AI Statement to UNHRC asa370022015en
16 February 2015
AI Index: ASA 37/002/2015
Sri Lanka: Promises of a new beginning – international cooperation is essential to ensure justice, accountability and an end to impunity
Amnesty International written statement to the 28th session of the UN Human Rights Council (2 – 27 March 2015)
Early in 2015 Sri Lankans elected a new President with promises to implement Constitutional and other changes that could usher in a new era and better protection of human rights.
Amnesty International welcomes official commitments to end impunity and promote the rule of law in Sri Lanka, pursue reconciliation between all communities, and rebuild Sri Lanka’s international relationships. Amnesty International is hopeful that these promises will translate into prompt action to repair the enormous damage done to human rights and the rule of law in Sri Lanka over past decades. We acknowledge in particular the importance of Sri Lanka’s actions to restore the independence of the judiciary and other institutions essential to the protection and promotion of human rights by remedying the unconstitutional dismissal of the former Chief Justice and restoring constitutionally independent checks on executive power.

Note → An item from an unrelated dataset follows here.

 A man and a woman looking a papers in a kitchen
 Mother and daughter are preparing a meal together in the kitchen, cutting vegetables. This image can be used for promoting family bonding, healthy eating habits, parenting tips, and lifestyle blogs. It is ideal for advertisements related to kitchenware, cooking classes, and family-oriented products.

For years, Sri Lanka’s human rights record has stood in stark contrast to its international obligations. Government assaults on judicial independence have eroded the effectiveness of the justice system, leaving Sri Lanka’s citizens without the guarantee of legal recourse when their rights have been violated. The Government’s failure to address violent attacks and acts of discrimination against religious and ethnic minorities threatened the safety of Sri Lankan citizens and intensified communal divisions, pushing reconciliation further out of reach. Restrictions on freedom of expression and assaults on dissent were commonplace, and attacks on those speaking out were committed with impunity. There has been a near complete lack of accountability for crimes under international law committed in the course of the long armed conflict between government forces and the Liberation Tigers of Tamil Eelam (LTTE). These are the conditions that led the Human Rights Council (HRC) in March 2014 to request the Office of the High Commissioner for Human Rights to undertake a comprehensive investigation into alleged serious violations and abuses of human rights and related crimes by both parties in Sri Lanka.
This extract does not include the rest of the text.